Stored records:
--------------------------------
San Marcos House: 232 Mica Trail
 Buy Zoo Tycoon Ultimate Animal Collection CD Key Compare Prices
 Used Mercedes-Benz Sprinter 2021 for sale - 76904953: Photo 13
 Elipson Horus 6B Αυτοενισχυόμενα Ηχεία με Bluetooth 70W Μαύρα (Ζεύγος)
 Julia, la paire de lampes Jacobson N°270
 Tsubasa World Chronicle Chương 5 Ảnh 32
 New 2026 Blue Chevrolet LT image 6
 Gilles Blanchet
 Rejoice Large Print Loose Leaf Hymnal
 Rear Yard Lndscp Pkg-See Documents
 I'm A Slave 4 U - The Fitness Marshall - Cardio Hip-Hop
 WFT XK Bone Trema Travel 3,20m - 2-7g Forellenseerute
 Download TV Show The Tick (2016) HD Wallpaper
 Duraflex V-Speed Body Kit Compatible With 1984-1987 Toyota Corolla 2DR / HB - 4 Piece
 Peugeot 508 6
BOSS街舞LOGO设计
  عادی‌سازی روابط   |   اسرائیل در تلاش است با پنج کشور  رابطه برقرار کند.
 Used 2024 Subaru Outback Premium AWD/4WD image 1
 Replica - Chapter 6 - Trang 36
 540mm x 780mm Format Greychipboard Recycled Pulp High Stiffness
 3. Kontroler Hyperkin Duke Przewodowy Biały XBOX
--------------------------------
PROBLEM DESCRIPTION – Each line above where the word "Used" occurs should be returned in full.

ANSWER AREA –
 Used Mercedes-Benz Sprinter 2021 for sale - 76904953: Photo 13
 Used 2024 Subaru Outback Premium AWD/4WD image 1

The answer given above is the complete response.